### SQLite Mini Project

The goal of this project is to export the country club data from PHPMyAdmin, connect to a local SQLite instance from Jupyter notebook and answer several questions through SQL code. 

In [2]:
# Import sqlite
import sqlite3
import pandas as pd

# initiate read-write connection
conn = sqlite3.connect('sqlite_db_pythonsqlite.db', uri=True)

# Create cursor
curs = conn.cursor()

# Fetch all from master
curs.execute("SELECT name FROM sqlite_master WHERE type = 'table'").fetchall()

[('Bookings',), ('Facilities',), ('Members',)]

Every SQLite database has an SQLite Master table that defines the schema for the database.

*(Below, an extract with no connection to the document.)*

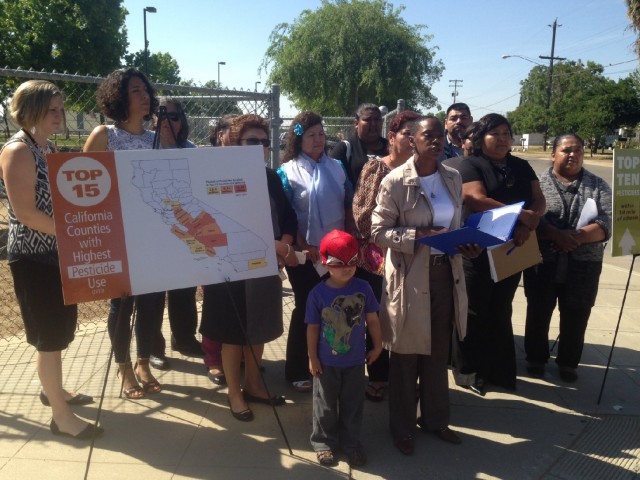 Central Valley farmworkers and environmentalists protest pesticide spraying on farms near schools, from outside an elementary school in West Fresno at risk.  (Sasha Khokha/KQED)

If all of the relevant tables from the country club database are in the master table, then the connection was successful. The fetchall method from the cursor found the same tables that were in the phpmyadmin app.

#### QUESTIONS:

Q10: Produce a list of facilities with a total revenue less than 1000.
The output of facility name and total revenue, sorted by revenue. Remember
that there's a different cost for guests and members!

In [3]:
# Fetch name, total_rev from facilities. Order by Rev, less than 1000.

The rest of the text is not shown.